I am trying to debug why my server has 3 seconds delay on each request.

enter image description here

These are my nginx and unicorn config files: https://gist.github.com/regedarek/de7f2e5cd1918b6224ac

My server info:

  Welcome to Ubuntu 12.04.1 LTS (GNU/Linux 3.2.0-37-generic x86_64)

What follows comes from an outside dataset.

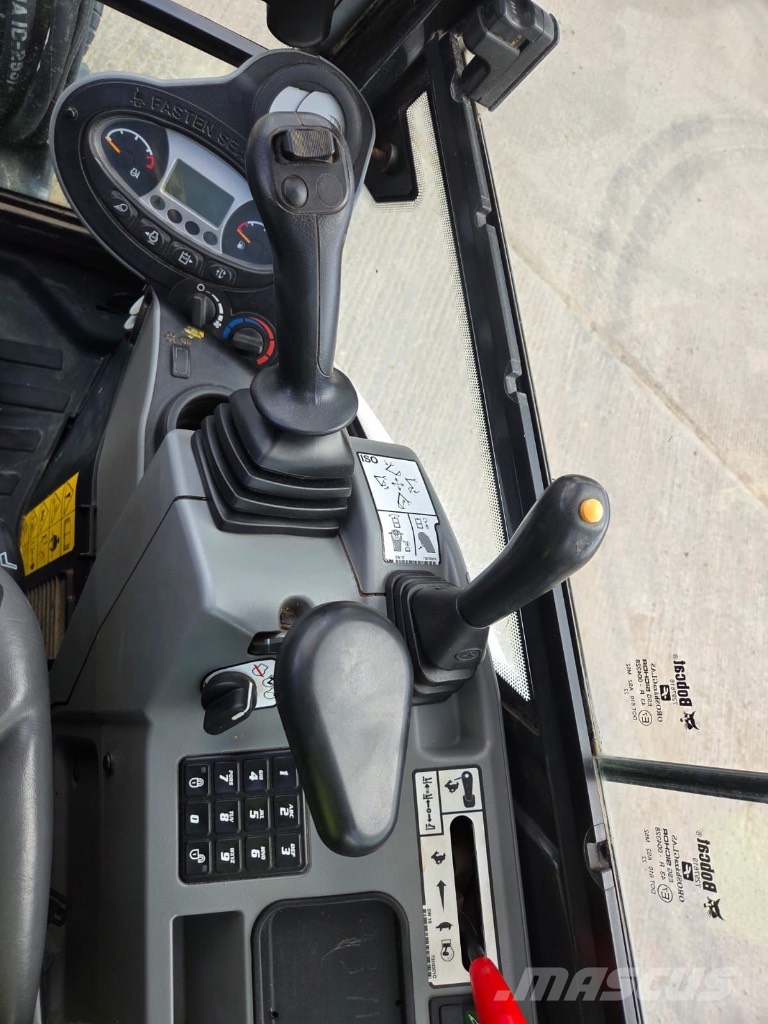 Bobcat E 27z حفارات صغيرة أقل من 7 طن (حفارات صغيرة)
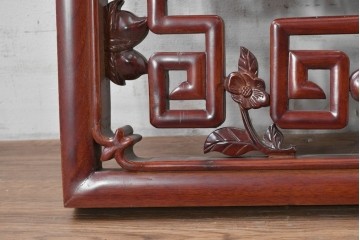 中古建具　中国　艶やかな木肌と麒麟の彫刻が目を引く中国格子1枚　(R-088444)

  System load:  0.02              Processes:           71
  Usage of /:   38.9% of 6.89GB   Users logged in:     0
  Memory usage: 28%               IP address for eth0: 149.156.119.151
  Swap usage:   0%

server:~$ cat /proc/cpuinfo
processor       : 0
vendor_id       : AuthenticAMD
cpu family      : 6
model           : 2
model name      : QEMU Virtual CPU version 1.0
stepping        : 3
microcode       : 0x1000065
cpu MHz         : 2300.026
cache size      : 512 KB
fpu             : yes
fpu_exception   : yes
cpuid level     : 4
wp              : yes
flags           : fpu de pse tsc msr pae mce cx8 apic sep mtrr pge mca cmov pat pse36 clflush mmx fxsr sse sse2 syscall nx lm up nopl pni cx16 popcnt hypervisor lahf_lm svm abm sse4a
bogomips        : 4600.05
TLB size        : 1024 4K pages
clflush size    : 64
cache_alignment : 64
address sizes   : 40 bits physical, 48 bits virtual
power management:

This is output from tcpdump -qtln port 80 -> https://gist.github.com/c21d3a38e1d75fb2c4f1

tomekfranek
  • 143
  • 6
  • 1
    This could use some more information. Is it a consistent delay with every new HTTP request, or it only with the first request from a new host? Does the delay length vary much? Also: If you can, run `tcpdump -qtln port 80` and capture a couple of requests. Add the results to your OP. It'll help show where the delay is at the network level. – SmallClanger Feb 14 '13 at 12:30
  • This delay occurs with every request and takes between ``1.5-3`` sec. I added output from ``tcpdump`` – tomekfranek Feb 14 '13 at 12:56
  • The tcpdump output does not contain any timing information, could you rather try to either remove the t option or set it to tt or ttttt (5xt) `tcpdump -qttln port 80` or `tcpdump -qtttttln port 80`? – Huygens Feb 14 '13 at 13:46
  • Sure. Just updated Gist. – tomekfranek Feb 14 '13 at 14:10
  • OK so I guess the 2-3 sec delay is visible in the tcpdump after the first handshake, is that correct? Could you try to run in the guest as root `perf top -a`? It is updated in real time, during the initial 2-3 sec delay try to look at the processes that are at the top of the displayed list, they could hint you towards the bottleneck. – Huygens Feb 14 '13 at 14:41

1 Answers1

3

To debug this, I would systematically isolate each component to find the bottleneck. At all times I would tail -f any log files, including nginx access/error logs and the rails logs for errors.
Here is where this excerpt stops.